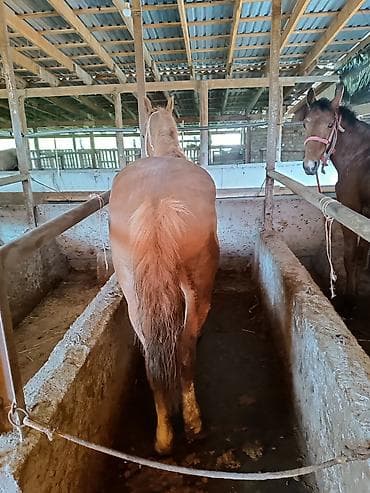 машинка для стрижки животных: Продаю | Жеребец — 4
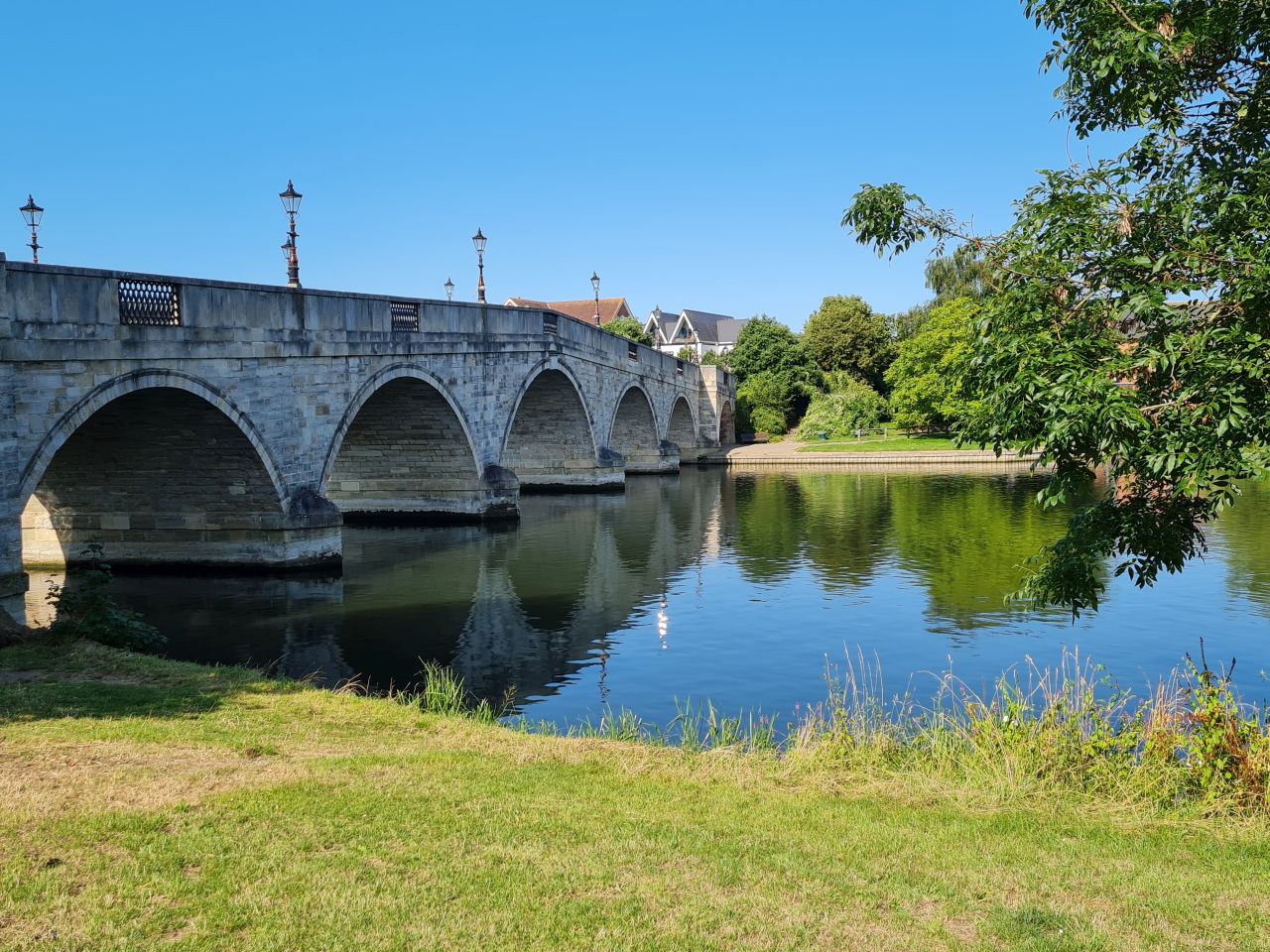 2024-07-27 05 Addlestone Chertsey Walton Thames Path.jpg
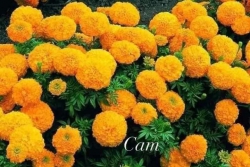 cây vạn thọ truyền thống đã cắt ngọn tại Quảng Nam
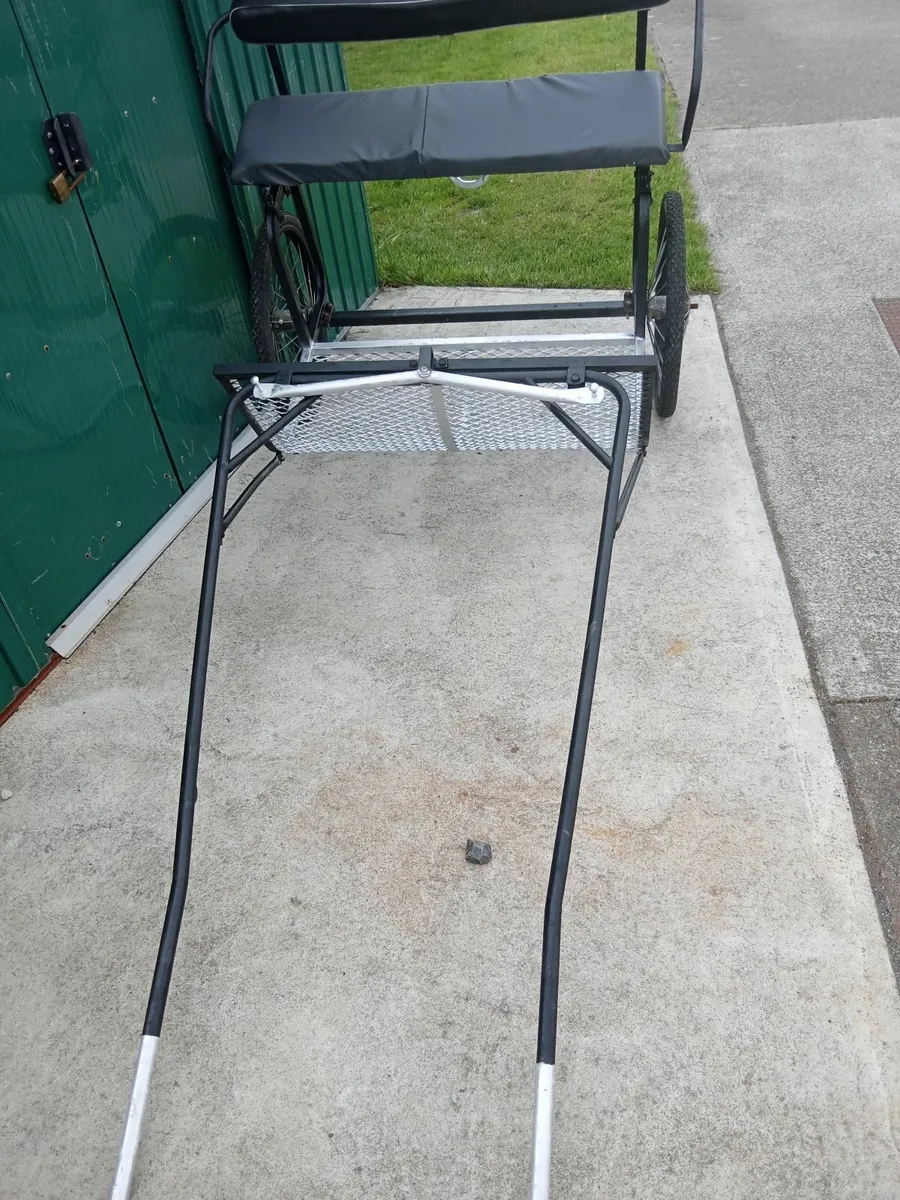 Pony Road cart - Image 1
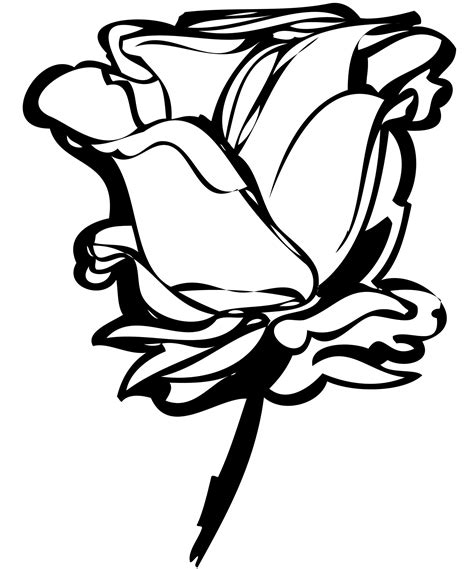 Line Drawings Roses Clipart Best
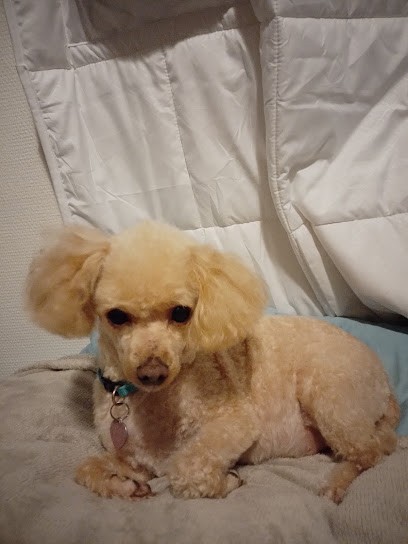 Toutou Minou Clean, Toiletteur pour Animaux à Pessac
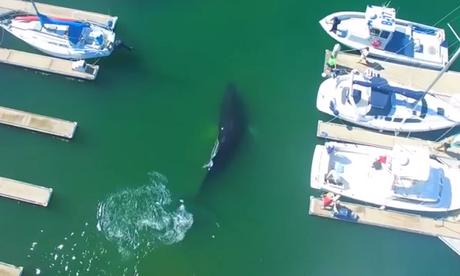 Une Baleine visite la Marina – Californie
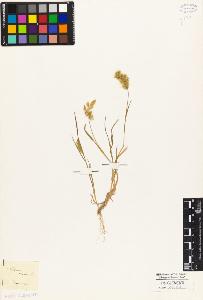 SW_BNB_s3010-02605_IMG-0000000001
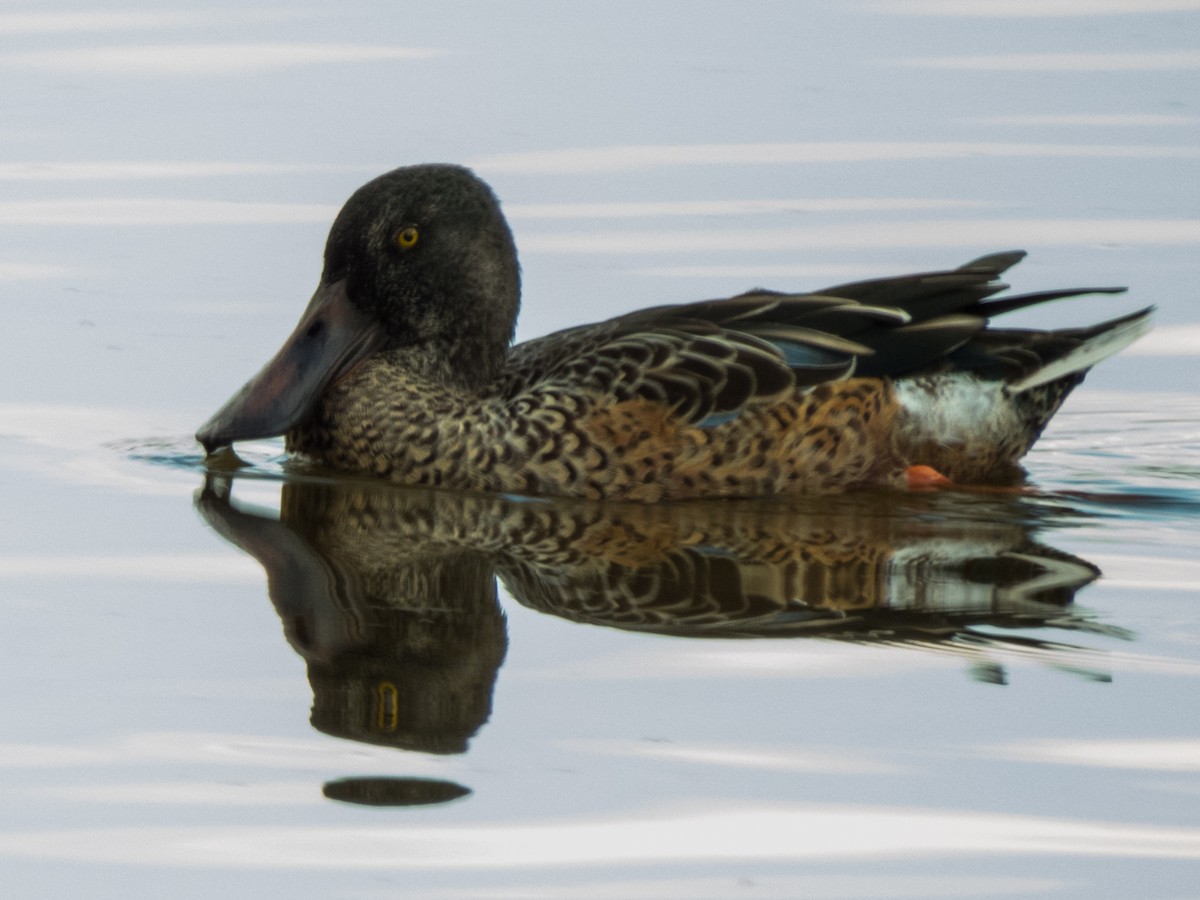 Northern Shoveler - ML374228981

+ + +

**EXERCISE GOAL:** All that belongs in the answer is the lines from the line with "Line Drawings Roses Clipart Best" through the closing line of the entries, inclusive, transcribed exactly and free of pictures.

**ANSWER SPACE:**
 Line Drawings Roses Clipart Best
 Toutou Minou Clean, Toiletteur pour Animaux à Pessac
 Une Baleine visite la Marina – Californie
 SW_BNB_s3010-02605_IMG-0000000001
 Northern Shoveler - ML374228981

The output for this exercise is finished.